The data set has 20101 rows.
Each row has 7 columns.


In [2]:
#Next let's remove the headers to properly analyze our data
headers = hn[0]
hn = hn[1:]

print(f"Header: {headers}")
print("\n")
print(f"First 5 Rows without Header : {hn[0:5]}")

Header: ['id', 'title', 'url', 'num_points', 'num_comments', 'author', 'created_at']


First 5 Rows without Header : [['12224879', 'Interactive Dynamic Video', 'http://www.interactivedynamicvideo.com/', '386', '52', 'ne0phyte', '8/4/2016 11:52'], ['10975351', 'How to Use Open Source and Shut the Fuck Up at the Same Time', 'http://hueniverse.com/2016/01/26/how-to-use-open-source-and-shut-the-fuck-up-at-the-same-time/', '39', '10', 'josep2', '1/26/2016 19:30'], ['11964716', "Florida DJs May Face Felony for April Fools' Water Joke", 'http://www.thewire.com/entertainment/2013/04/florida-djs-april-fools-water-joke/63798/', '2', '1', 'vezycash', '6/23/2016 22:20'], ['11919867', 'Technology ventures: From Idea to Enterprise', 'https://www.amazon.com/Technology-Ventures-Enterprise-Thomas-Byers/dp/0073523429', '3', '1', 'hswarna', '6/17/2016 0:01'], ['10301696', 'Note by Note: The Making of Steinway L1037 (2007)', 'http://www.nytimes.com/2007/11/07/movies/07stein.html?_r=0', '8', '2', 'walterbe

Now that we have removed the headers from our dataset, let's filter the data. Since we are only concerned with post titles beginning with **Ask Hn** or **Show HN**, we';ll create a new lists containing just the data with those titles. 

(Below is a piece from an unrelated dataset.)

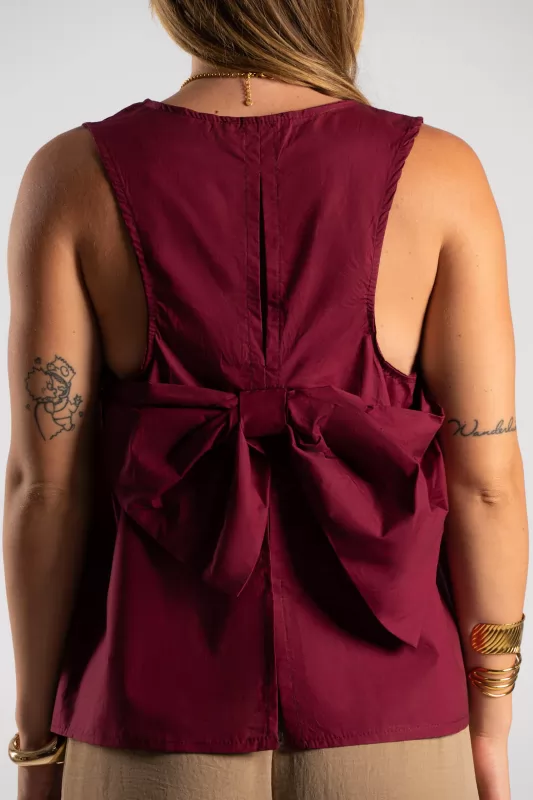 Blouse Sleeveless Bow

To find those posts, we'll use the string method *startswith* to see if they begin with either of the above as well as the *lower* method to account of case variations (lowercase or uppercase). 

# Data Analysis

In [3]:
#First i will create three empty lists
ask_posts = []
show_posts = []
other_posts = []

#Then we will loop through each row in our dataset
#to separate the different posts

for row in hn:
    
    title = row[1]
    
    #to account for variance in case-use, let's convert
    #the titles to lowercase for consistency when checking
    
    title = title.lower() 
    
    #Finally we will separate the posts into our three different lists
    #for analysis
    
    if title.startswith("ask hn"):
        ask_posts.append(row)
    elif title.startswith("show hn"):
        show_posts.append(row)
    else:
        other_posts.append(row)
        

And printing a sample of our new lists, looks like it worked!

In [4]:
print("First Five Rows of Ask Posts")
print(ask_posts[0:5])
print("\n")
print(f"The list is {len(ask_posts):,} rows long")
print("\n")
print("First Five Rows of Show Posts")
print(show_posts[0:5])
print("\n")
print(f"The list is {len(show_posts):,} rows long")
print("\n")
print("First Five Rows of Other Posts")
print(other_posts[0:5])
print("\n")
print(f"The list is {len(other_posts):,} rows long")

First Five Rows of Ask Posts
[['12296411', 'Ask HN: How to improve my personal website?', '', '2', '6', 'ahmedbaracat', '8/16/2016 9:55'], ['10610020', 'Ask HN: Am I the only one outraged by Twitter shutting down share counts?', '', '28', '29', 'tkfx', '11/22/2015 13:43'], ['11610310', 'Ask HN: Aby recent changes to CSS that broke mobile?', '', '1', '1', 'polskibus', '5/2/2016 10:14'], ['12210105', 'Ask HN: Looking for Employee #3 How do I do it?', '', '1', '3', 'sph130', '8/2/2016 14:20'], ['10394168', 'Ask HN: Someone offered to buy my browser extension from me. What now?', '', '28', '17', 'roykolak', '10/15/2015 16:38']]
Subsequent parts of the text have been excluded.